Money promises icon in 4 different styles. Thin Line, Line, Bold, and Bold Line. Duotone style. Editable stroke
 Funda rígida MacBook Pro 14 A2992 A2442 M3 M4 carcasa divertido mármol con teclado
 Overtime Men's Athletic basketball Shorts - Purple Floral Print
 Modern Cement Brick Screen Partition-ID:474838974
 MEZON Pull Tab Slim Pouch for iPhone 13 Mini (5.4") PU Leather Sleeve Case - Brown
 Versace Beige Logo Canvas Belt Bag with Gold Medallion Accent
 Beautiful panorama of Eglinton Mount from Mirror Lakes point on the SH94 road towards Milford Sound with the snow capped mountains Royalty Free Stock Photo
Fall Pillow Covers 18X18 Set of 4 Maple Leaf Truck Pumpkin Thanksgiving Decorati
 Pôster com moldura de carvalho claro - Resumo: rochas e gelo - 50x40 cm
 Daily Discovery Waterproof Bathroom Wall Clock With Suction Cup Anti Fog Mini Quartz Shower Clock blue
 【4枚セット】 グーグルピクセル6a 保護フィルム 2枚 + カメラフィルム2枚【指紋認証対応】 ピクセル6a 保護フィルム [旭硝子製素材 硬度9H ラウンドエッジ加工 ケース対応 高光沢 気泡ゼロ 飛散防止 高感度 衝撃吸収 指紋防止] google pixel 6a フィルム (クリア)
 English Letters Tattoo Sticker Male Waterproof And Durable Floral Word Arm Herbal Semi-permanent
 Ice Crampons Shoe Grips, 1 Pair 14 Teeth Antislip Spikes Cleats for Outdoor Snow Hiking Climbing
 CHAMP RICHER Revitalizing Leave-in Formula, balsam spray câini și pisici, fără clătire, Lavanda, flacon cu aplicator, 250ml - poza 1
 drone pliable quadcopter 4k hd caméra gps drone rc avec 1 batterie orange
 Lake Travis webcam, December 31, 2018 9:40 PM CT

——————

- _TASK DIRECTIONS_
Copy each entry above exactly, leaving nothing out.

- _WRITTEN RESPONSE_
Money promises icon in 4 different styles. Thin Line, Line, Bold, and Bold Line. Duotone style. Editable stroke
 Funda rígida MacBook Pro 14 A2992 A2442 M3 M4 carcasa divertido mármol con teclado
 Overtime Men's Athletic basketball Shorts - Purple Floral Print
 Modern Cement Brick Screen Partition-ID:474838974
 MEZON Pull Tab Slim Pouch for iPhone 13 Mini (5.4") PU Leather Sleeve Case - Brown
 Versace Beige Logo Canvas Belt Bag with Gold Medallion Accent
 Beautiful panorama of Eglinton Mount from Mirror Lakes point on the SH94 road towards Milford Sound with the snow capped mountains Royalty Free Stock Photo
Fall Pillow Covers 18X18 Set of 4 Maple Leaf Truck Pumpkin Thanksgiving Decorati
 Pôster com moldura de carvalho claro - Resumo: rochas e gelo - 50x40 cm
 Daily Discovery Waterproof Bathroom Wall Clock With Suction Cup Anti Fog Mini Quartz Shower Clock blue
 【4枚セット】 グーグルピクセル6a 保護フィルム 2枚 + カメラフィルム2枚【指紋認証対応】 ピクセル6a 保護フィルム [旭硝子製素材 硬度9H ラウンドエッジ加工 ケース対応 高光沢 気泡ゼロ 飛散防止 高感度 衝撃吸収 指紋防止] google pixel 6a フィルム (クリア)
 English Letters Tattoo Sticker Male Waterproof And Durable Floral Word Arm Herbal Semi-permanent
 Ice Crampons Shoe Grips, 1 Pair 14 Teeth Antislip Spikes Cleats for Outdoor Snow Hiking Climbing
 CHAMP RICHER Revitalizing Leave-in Formula, balsam spray câini și pisici, fără clătire, Lavanda, flacon cu aplicator, 250ml - poza 1
 drone pliable quadcopter 4k hd caméra gps drone rc avec 1 batterie orange
 Lake Travis webcam, December 31, 2018 9:40 PM CT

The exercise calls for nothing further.